Dave
> I'm (still) trying to get a threaded program working under pop11, so far
> I have managed to get the threads working and it all seemed to be fine,
> until I ran into the issue of shared memory with lists.
If you really want to share memory the simplest thing is to use
'lightweight' processes, created using consproc, etc.
You'll then need to write your own scheduler, as explained previously.
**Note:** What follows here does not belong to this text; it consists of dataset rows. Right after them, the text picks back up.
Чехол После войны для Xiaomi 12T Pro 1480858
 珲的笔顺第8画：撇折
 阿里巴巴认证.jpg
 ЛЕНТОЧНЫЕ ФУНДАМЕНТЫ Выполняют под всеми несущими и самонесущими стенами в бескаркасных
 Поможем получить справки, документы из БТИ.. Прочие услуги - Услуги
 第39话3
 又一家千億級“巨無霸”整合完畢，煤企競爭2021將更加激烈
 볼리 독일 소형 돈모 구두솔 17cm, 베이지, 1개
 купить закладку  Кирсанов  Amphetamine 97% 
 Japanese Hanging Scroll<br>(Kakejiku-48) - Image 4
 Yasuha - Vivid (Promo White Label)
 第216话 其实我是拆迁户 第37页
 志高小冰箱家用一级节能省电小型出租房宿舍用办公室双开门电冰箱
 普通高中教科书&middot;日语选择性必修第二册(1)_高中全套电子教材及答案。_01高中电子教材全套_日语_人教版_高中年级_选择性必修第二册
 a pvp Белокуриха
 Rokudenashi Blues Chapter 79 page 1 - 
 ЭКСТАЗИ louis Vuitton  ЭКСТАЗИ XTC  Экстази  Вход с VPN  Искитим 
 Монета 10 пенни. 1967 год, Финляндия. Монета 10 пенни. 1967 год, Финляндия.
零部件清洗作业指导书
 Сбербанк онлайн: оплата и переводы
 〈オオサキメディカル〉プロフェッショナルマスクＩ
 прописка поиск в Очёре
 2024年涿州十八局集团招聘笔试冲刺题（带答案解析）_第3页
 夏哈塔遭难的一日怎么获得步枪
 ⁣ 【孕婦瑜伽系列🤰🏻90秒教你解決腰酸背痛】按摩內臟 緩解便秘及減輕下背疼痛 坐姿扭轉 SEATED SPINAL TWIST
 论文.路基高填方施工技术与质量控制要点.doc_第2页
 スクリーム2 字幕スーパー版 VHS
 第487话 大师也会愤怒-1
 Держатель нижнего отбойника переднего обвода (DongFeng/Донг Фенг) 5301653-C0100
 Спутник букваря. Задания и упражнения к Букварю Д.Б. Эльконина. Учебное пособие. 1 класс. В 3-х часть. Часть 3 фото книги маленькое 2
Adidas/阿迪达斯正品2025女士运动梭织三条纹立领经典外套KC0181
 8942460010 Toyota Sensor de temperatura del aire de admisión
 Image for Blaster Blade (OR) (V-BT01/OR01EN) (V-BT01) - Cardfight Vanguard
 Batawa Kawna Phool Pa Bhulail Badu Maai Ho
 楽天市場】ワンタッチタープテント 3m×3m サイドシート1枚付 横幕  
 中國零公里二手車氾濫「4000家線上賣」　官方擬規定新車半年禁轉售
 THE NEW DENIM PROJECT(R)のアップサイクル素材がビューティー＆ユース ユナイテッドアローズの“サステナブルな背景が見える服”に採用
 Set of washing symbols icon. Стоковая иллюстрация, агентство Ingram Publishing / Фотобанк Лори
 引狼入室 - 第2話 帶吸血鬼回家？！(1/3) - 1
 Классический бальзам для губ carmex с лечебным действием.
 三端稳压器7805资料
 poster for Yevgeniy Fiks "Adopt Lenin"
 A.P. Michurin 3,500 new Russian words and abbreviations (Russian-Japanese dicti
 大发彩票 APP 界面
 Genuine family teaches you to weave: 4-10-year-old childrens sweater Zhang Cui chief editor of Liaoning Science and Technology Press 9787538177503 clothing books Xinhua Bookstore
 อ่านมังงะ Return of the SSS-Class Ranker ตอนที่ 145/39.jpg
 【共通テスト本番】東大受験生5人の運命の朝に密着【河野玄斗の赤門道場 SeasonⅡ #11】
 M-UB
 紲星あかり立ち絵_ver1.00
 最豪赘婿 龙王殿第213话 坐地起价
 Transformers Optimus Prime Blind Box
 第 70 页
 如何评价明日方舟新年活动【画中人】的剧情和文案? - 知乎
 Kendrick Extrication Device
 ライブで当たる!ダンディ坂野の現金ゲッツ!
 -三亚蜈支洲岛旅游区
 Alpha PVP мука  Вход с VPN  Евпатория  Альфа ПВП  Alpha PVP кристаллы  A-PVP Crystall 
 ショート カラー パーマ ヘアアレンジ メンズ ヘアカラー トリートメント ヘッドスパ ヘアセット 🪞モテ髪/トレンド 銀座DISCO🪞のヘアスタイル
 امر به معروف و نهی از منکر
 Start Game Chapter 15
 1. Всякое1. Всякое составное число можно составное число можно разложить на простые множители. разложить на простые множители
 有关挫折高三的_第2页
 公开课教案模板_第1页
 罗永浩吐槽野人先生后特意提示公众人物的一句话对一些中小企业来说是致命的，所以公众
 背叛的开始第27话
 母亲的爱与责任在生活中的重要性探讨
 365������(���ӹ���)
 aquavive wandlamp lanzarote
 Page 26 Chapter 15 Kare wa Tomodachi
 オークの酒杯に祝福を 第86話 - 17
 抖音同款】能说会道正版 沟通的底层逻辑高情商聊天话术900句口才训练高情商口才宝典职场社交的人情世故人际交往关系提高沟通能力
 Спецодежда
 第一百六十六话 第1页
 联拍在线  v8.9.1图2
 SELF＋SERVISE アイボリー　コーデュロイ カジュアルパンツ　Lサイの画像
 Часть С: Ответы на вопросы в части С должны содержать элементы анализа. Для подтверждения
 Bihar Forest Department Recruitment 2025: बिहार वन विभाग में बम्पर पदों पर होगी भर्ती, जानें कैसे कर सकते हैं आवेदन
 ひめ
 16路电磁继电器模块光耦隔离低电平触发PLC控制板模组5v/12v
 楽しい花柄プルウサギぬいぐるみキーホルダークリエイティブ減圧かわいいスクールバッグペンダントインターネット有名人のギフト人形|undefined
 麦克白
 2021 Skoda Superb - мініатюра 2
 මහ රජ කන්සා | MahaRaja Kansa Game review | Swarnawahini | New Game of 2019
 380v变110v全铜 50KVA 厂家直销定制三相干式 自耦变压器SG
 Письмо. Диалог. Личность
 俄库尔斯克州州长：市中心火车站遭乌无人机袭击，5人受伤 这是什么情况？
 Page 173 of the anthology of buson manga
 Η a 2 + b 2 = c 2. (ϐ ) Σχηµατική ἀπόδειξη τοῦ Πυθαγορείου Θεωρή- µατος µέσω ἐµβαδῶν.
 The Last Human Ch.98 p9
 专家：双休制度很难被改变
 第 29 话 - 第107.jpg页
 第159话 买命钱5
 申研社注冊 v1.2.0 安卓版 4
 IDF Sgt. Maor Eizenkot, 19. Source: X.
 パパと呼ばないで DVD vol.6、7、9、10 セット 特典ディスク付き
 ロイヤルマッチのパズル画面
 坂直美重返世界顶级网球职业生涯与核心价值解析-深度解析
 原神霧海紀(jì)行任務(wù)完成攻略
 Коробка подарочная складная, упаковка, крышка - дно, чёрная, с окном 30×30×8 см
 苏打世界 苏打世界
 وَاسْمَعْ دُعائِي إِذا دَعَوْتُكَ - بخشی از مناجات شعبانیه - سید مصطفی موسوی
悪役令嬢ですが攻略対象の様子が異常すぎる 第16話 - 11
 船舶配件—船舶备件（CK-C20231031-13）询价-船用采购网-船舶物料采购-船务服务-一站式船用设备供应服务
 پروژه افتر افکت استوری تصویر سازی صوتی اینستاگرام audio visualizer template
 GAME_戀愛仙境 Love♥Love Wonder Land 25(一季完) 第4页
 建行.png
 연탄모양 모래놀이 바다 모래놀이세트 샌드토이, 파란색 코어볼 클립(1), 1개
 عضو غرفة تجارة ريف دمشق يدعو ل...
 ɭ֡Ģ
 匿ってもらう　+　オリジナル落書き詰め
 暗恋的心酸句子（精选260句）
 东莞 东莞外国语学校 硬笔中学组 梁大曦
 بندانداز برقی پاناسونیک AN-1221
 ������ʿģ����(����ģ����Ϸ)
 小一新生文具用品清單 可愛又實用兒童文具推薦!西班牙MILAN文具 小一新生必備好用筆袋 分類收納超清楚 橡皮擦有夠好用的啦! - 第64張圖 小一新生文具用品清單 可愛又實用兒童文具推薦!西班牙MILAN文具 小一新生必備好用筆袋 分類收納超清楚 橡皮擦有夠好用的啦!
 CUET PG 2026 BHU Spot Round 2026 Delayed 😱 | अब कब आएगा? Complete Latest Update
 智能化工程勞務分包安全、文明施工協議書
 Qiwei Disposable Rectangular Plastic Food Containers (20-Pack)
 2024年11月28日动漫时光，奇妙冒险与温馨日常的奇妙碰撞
> The simple program below illustrates my problem:
>
> global vars list = [a b];
>
> define some();
> if sys_vfork(false) then
> "some" -> list(1);
> endif;
> enddefine;
The documentation on sys_vfork (in REF sysutil) says:
sys_vfork is therefore used ONLY in the situation where the
purpose of forking is to immediately sysexecute another image in
the child, possibly after redirecting the standard input and/or
output etc (and is quicker than sys_fork because Unix doesn't
have to copy the whole Poplog process). Using it in any other
way will crash the system -- in particular, the procedure that
calls sys_vfork must not exit when running as the child (this is
the same limitation placed on the use of the vfork system call
in C).
So you cannot use it to do what you want. If you use sys_fork and
create a new process which is a copy of the old one you can not, as
far as I know make them share a memory location (unless perhaps
you can use something like mmap). I don't know if you can use syspipe
to create a pipe that can be read and written to at both ends.
sys_fork
>
> some();
> syssleep(50);
>
> list =>
>
> when run you get:
>
> [telly|~]$ pop11 test.p
> ** [some b]
> ** [a b]
> [telly|~]$
>
> My problem is that the main thread should then have access to the list
> [some b], but its only able to access [a b], which shouldn't exist at
> all (in that form) by now.
>
> (Notice also how the dead thread printed stuff it wasn't meant to, and
> the main thread didn't print anything until afterwards).
>
> I tried sys_vfork() too, the result was the same and there were grim
> warnings about the program crashing iun the help file, so I stuck with
> sys_fork().
>
> The rogram consists of a service loop and a read loop (read loop gets
> data from a socket and adds it to a queue, service loop processes data
> asynchronously) and it is very important that the two threads have
> access to the same queue.
you could probably use two pipes, one for sending information in one
direction (e,g, requests) and the other in the other direction.